Background of the Concept : (Source: http://en.wikipedia.org/wiki/Culture_industry)

Culture Industry : The term coined by critical theorists A&H, arguing in (the chapter) "The Culture Industry: Enlightenment as Mass Deception," says that Popular Culture is akin to a factory producing standardized cultural goods through film, radio and magazines – to manipulate the masses into passivity; the easy pleasures available through consumption of popular culture make people docile and content, no matter how difficult their economic circumstances. A&H saw this mass-produced culture as a danger to the more difficult High Arts. Culture industries may cultivate false needs; that is, needs created and satisfied by capitalism. True needs, in contrast, are freedom, creativity, or genuine happiness. A&H theorised that the phenomenon of mass culture has a political implication, namely that all the many forms of popular culture are a single culture industry whose purpose is to ensure the continued obedience of the masses to market interests. The Theory : The Modern view of Mass culture comprises of a single market place with centralized power of a few multinational corporations controlling production and distribution. And the main protagonist are these authoritative bodies in our society which shape the course of our being through the processes standardization and commodification, whereby creating Objects rather than Subjects. This is a furtherance of annihilation of the individual identity in the name or the sake of collective needs or demands which are not real representative of the Subjective being but entirely Objective being. The culture industry claims to serve the consumers' needs for entertainment, and is delivering what the consumer wants. "[S]tandards were based in the first place on consumers' needs, and for that reason were accepted with so little resistance. The result is the circle of manipulation and retroactive need in which the unity of the system grows even stronger." By standardizing these needs, the industry is manipulating the consumers to desire what it produces. The outcome is that mass production feeds a mass market that minimizes the identity and tastes of the individual consumers who are as interchangeable as the products they consume.

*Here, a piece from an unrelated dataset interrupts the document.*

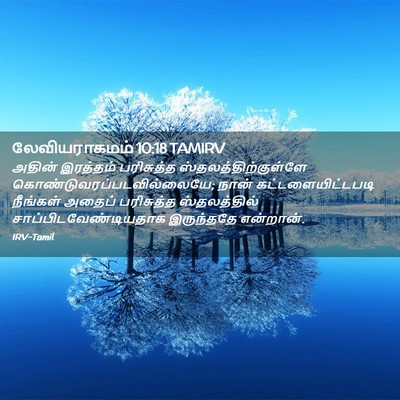 Picture 02 - லேவியராகமம் 10:18 TAMIRV - அதின் இரத்தம் - Bible Verse Picture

The rationale of the theory is to promote the emancipation of the consumer from the tyranny of the producers by inducing the consumer to question Beliefs and Ideologies. Adorno claimed that enlightenment would bring Pluralism and Demystification, much against the standardization and commodification induced by the corruption of the capitalist industry with its exploitative motives.

Understanding the Culture Industry : (Source: http://www.marxists.org/reference/archive/adorno/1944/culture-industry.htm)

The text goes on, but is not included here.